The Moonflower Vine was published by Alfred A. Knopf in 1962, and proved to be a sensation. It was edited by Robert Gottlieb, who said of it, "Of the hundreds upon hundreds of novels I've edited, this is literally the only one I've reread several times since its publication." The novel spent four months on the New York Times bestseller list; it was selected for promotion by two major book clubs, appeared as a Reader's Digest Condensed Book, and was published in eight other countries. Due to its success, Cottey presented Carleton with its Distinguished Alumna Award in 1964. Nevertheless, it remained the only novel which she published during her lifetime.

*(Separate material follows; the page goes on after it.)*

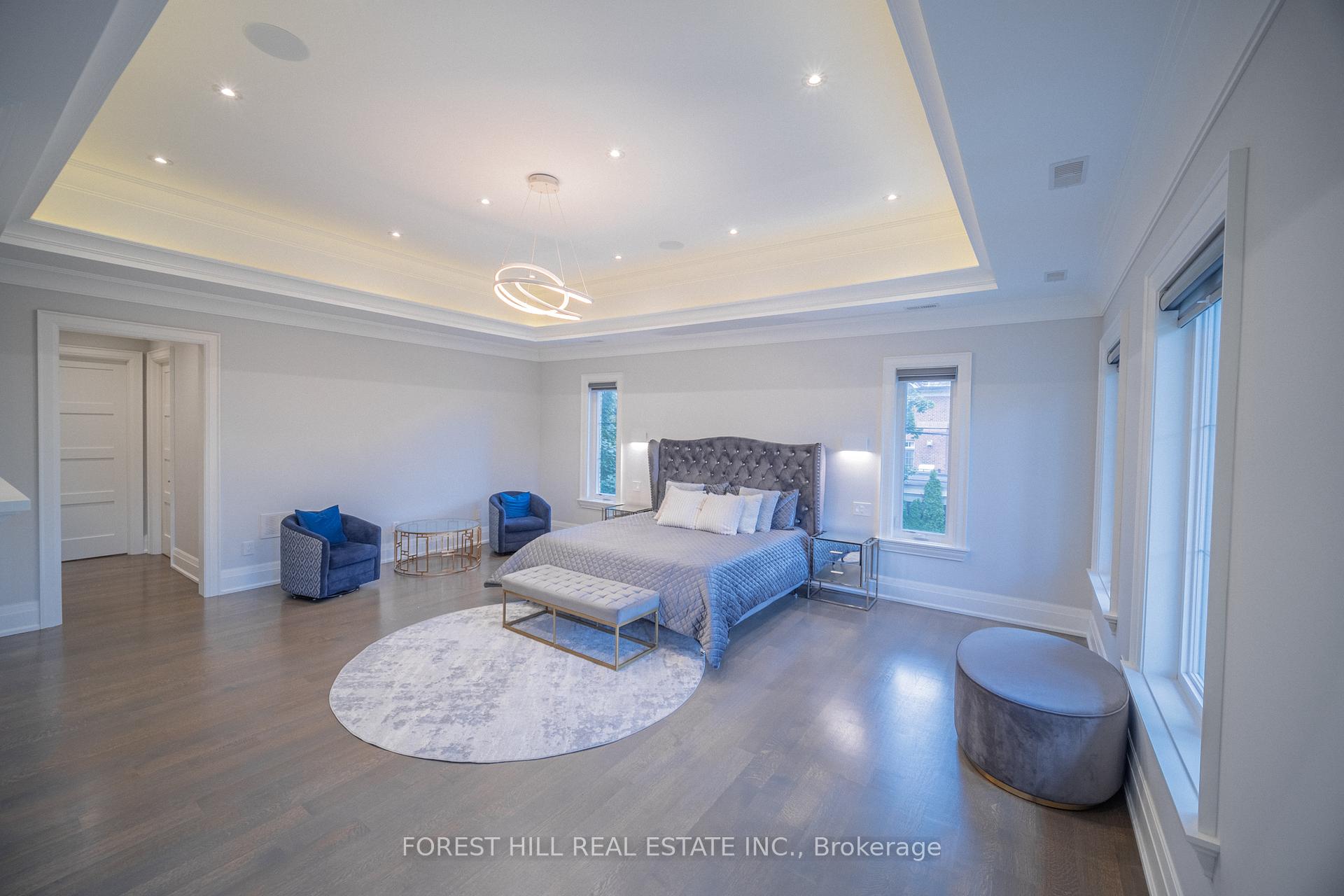 Photo 19 of 38 Mason Boulevard, Toronto, Bedford Park-Nortown — HOMEH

Carleton and her husband moved to Santa Fe, New Mexico, in 1970, and opened a publishing house, The Lightning Tree, with the money earned from her novel. Although never profitable, it published poetry, cookbooks, and works on regional history, and kept her too busy to write. During this time she continued with her tradition of visiting family in Nevada every summer. The press folded in 1991, two years before Lyon died. Carleton began work on another novel, The Back Alleys of Spring, based on her experiences teaching in Joplin. She had nearly finished it in 1997, and was preparing to shop it around for publication when she suffered a stroke and hit her head on a stone floor at her house; she was not found for some hours, and ultimately was robbed of her ability to speak. At her death in 1999 her papers went to a nephew in Missouri; the novel was thought lost in a May 2003 tornado, but it had instead been preserved by her literary executor, Larry Calloway, in Santa Fe.

The Moonflower Vine fell into obscurity after its initial bout of success. Eventually it was featured on The Neglected Books Page, which provided it with renewed attention. As a result, the novel was republished by Harper Perennial in April 2009, with an introduction by Missouri writer Jane Smiley, an avowed fan of the work. The Back Alleys of Spring was eventually published by the same publisher in 2012, under the title Clair de Lune.